Seven Comorans who were rescued in Indian Ocean after 22 days at sea, in a horrific journey that saw them throw overboard eight of their dead relatives to remain afloat, are back in the Comoro Islands.
The seven left for Maroni, Comoros Island via Jomo Kenyatta International Airport (JKIA) on Friday, after spending over two weeks at Malindi Sub-County hospital, where they were admitted since August 10, following their rescue from the Indian Ocean.

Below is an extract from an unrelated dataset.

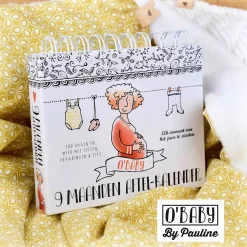 Pauline oud 9 maanden aftelkalender Multi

They included Nassiru Tawidu, Mohammed Ahmed, Mahmud Hassan, Mohammed Saidwahi, Samin Mohammed, Samir Mahmud and Haruna Huseni.
Assistant Honorary Consul of Comoros Farahane Mohamed told nation.africa that the group left at 10.30am at JKIA and arrived at Maroni at 12.30pm, where they were received by their relatives.
“I went to Malindi to pick them, and we travelled by road to Nairobi on Wednesday. We had expected them to leave the country by Thursday but the delay in receiving Covid-19 results forced us to wait until Friday, when we got them eventually cleared at the airport,” said Mr Mohammed.
He added, “We would like to thank Malindi Hospital and all those who supported my citizens from the day they were rescued, the support and donations they received at the hospital and those who gave them counselling.”
Mr Mohamed said the families received them with joy, even though they lost some of their kin in the tragedy.
“At the airport, it was a ceremony of its kind despite losing the eight people in the tragedy. We can confirm the seven are at home safe,” he said.
One of the survivors, Mahmound Hassan told nation.africa that the initial group of 15, all family members had set sail from one island to the other before strong waves pushed them off course.
In the three weeks horror, they lost seven of their group, including a pregnant woman, her husband and two children.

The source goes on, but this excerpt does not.